Flank!: Battle for Fairfield is an excellent game for the Child Geeks and their parents. It’s very casual, to the point, and fast. Unfortunately, the Gamer Geeks are very much correct that the battles are not nearly long enough, and thus the game is not long enough to feel like you are doing anything other than quickly moving, rolling dice, and then moving on. Yes, you can build your army using Honor, but one tile at a time. Your improvements are incremental, which is not at all surprising, but the speed at which you can update your army doesn’t match the rate at which your army is being taken out due to battles.

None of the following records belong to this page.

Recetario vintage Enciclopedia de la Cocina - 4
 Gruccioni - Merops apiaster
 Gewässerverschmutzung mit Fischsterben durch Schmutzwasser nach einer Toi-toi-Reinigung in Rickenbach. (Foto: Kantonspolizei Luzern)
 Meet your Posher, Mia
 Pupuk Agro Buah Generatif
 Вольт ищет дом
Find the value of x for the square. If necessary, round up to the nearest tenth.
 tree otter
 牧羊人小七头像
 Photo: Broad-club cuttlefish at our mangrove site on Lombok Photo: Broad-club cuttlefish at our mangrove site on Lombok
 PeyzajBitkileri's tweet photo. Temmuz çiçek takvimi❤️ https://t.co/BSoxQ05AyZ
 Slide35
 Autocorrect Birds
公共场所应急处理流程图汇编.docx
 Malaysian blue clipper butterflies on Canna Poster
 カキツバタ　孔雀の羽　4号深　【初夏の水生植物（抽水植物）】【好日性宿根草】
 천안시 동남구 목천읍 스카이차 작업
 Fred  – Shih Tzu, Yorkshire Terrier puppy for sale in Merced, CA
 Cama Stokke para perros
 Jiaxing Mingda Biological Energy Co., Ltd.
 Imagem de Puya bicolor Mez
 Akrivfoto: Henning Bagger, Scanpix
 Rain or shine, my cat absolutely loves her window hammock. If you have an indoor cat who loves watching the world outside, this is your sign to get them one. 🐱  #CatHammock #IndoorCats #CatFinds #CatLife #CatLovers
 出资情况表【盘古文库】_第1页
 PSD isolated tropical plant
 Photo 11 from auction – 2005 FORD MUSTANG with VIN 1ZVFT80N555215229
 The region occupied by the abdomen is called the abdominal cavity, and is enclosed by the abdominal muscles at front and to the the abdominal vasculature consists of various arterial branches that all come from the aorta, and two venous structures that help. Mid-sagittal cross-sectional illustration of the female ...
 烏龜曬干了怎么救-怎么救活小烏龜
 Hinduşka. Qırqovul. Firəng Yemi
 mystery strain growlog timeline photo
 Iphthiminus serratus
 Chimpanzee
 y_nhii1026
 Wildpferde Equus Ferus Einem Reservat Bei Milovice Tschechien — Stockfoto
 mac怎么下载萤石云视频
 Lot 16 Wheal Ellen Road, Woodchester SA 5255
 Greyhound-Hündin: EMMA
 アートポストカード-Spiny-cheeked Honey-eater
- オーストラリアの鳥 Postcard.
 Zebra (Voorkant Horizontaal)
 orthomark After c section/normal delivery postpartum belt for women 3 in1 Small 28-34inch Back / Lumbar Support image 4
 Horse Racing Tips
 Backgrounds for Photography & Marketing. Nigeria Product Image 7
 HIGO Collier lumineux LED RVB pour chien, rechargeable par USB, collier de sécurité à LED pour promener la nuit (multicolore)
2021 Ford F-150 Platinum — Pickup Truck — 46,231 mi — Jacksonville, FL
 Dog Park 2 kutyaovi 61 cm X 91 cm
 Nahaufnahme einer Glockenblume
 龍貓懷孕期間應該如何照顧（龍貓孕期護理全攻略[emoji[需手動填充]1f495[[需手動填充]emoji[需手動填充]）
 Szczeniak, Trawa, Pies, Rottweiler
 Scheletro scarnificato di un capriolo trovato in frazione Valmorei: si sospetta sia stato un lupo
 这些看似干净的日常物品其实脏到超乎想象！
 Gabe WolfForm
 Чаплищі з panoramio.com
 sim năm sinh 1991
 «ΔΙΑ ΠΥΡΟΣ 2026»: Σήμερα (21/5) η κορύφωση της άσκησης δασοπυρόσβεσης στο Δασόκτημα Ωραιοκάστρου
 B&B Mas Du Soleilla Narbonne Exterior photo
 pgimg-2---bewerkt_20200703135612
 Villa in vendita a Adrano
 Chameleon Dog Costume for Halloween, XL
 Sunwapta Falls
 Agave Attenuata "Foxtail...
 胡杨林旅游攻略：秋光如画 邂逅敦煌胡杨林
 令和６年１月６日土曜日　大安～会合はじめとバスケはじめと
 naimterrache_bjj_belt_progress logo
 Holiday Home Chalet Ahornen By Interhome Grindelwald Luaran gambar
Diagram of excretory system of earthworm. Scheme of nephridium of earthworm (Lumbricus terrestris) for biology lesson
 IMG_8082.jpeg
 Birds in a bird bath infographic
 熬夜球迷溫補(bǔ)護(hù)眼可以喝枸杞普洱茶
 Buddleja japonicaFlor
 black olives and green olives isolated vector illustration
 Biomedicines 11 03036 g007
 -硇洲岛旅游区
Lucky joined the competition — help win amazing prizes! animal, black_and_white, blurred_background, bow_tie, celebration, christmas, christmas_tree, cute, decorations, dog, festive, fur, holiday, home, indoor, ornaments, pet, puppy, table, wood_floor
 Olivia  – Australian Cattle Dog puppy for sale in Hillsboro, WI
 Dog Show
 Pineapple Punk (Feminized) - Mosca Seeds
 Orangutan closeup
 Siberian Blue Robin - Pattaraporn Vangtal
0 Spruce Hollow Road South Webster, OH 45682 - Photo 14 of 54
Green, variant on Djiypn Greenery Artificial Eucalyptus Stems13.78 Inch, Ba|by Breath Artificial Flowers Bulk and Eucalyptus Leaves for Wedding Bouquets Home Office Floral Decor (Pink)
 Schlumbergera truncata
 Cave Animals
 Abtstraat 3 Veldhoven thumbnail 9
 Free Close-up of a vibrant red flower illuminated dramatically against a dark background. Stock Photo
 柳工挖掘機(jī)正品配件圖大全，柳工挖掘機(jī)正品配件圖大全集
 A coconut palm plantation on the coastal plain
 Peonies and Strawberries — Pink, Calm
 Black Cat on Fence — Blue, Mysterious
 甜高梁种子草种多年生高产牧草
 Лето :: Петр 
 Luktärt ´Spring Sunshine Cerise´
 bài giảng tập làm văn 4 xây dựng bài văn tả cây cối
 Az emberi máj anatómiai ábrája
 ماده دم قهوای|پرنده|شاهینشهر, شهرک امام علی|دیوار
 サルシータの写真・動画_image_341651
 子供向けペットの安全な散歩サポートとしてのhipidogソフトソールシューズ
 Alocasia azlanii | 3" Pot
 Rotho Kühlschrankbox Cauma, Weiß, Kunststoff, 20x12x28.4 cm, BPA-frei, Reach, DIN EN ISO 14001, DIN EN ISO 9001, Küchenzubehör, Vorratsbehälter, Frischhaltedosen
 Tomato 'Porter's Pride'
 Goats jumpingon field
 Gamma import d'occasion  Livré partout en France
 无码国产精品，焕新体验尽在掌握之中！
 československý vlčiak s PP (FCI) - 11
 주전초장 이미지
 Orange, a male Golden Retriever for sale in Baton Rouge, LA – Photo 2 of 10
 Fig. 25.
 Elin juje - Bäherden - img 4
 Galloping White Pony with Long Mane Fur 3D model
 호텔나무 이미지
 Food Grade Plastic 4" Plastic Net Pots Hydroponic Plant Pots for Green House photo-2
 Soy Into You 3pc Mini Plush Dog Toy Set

Which, if you’ll excuse the pun, is a double-edged sword when it comes to this delightful little battle game. Because it’s fast, your choices are always limited to “what can I do now” versus “what do I want to do in five turns?” As a result, the game feels most of the time like a brutal slapdown, with players rolling dice and after dice, counting values, and reducing the population of the armies very quickly. But, of course, the saving grace here is that the game is straightforward to reset and replay, which makes even a quick and devasting loss something to just as quickly get over as you jump back into the fray with a fresh army.
My only negative criticism of the game is its lack of variety in its units. They all play the same, more or less, with the most significant difference being their starting abilities to survive combat, which is quickly adjusted by placing an Honor tile or two on them. Which, if you are lucky, you’ll have time to do. Players start to lose army units right off the bat, which means you’ll need to focus on fewer and fewer units to consider for a bonus, but you’re always stuck with the same starters who might get slightly beefier. I would have loved to have seen different units to bring into the battle, allowing players to customize at a deeper level. Not possible here, which keeps the learning curve low, but at the cost of diversity.
Which could be a very intentional design decision. A low entry bar means the game is easier to teach and play. Lack of diversity in units is offputting, but you can adjust each unit to your liking within the limitations of their available Honor tile slots and lifespan on the battlefield. The result is a game that makes sense from the start to the end. Just don’t expect to think too hard or too long at any point along the journey if you know your way around a gameboard.
I liked the game and would recommend it to families who are looking to take their Child Geeks to the next level in the board game hobby or are in the market for a casual two-player battle game that gives the players just enough to consider without overwhelming them with the chaos that is the battlefield. So do give this game a try.
This is a paid-for review of the game’s final prototype. Although our time and focus were financially compensated, our words are our own. We’d need at least 10 million dollars before we started saying what other people wanted. Such is the statuesque and legendary integrity of Father Geek, which cannot be bought except by those who own their private islands and small countries.